Friends Provident International (FPI) sales have fallen by 11% compared to Q4 last year, while total group sales have plummeted 40% due to the 'tough' economic environment.
The drop off in sales at FPI to £37m in Q1 is due to "demanding" economic conditions and low investor confidence, according to Rocco Sepe, managing director, international at Friends Provident.
However, he says FPI still has a solid position in the Asia market on which to build, despite being heavily dependent on the Hong Kong market, which dropped 75% in Q4. Sepe predicts Hong Kong could be one of the first markets to recover.
He says: "We continue to work on propositions to win a big slice of this business, when it does pick up."
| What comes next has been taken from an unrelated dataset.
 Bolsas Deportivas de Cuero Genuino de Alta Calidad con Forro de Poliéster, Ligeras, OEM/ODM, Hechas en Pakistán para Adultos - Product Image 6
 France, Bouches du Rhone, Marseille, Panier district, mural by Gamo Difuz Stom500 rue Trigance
Furthermore, Sepe says the Middle East business is doing well having increased FPI's presence in the United Arab Emirates.
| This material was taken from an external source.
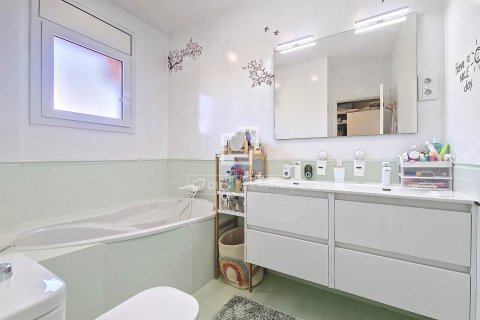 Villa de 4 dormitorios en venta en Vilanova i la Geltrú, Barcelona, Cataluña, Spain № 3844 - foto 19
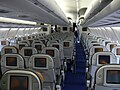 Cabina de pasajeros de clase económica de un Airbus A340-600 de Lufthansa.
He believes FPI still has room to grow in its Middle East, German and Singapore markets.
"We're still a small player in Germany and there's plenty of room to grow in the Middle East. We've secured our first group savings scheme there and it should start to show in the second half of the year," says Sepe.
Meanwhile, Lombard is down 16% year-on-year as fewer large cases fall within the first quarter result, according to Friends Provident.
Large cases only accounted for about 10% of business in Q1, says Sepe.
"It's a lumpy business dependent with large cases which have a heavy bearing on results," he says.
He expects Germany to be an increasingly important market for Lombard.
"We also expect to do better in Asia as we develop new products. The business is all about the second half of the year," he adds.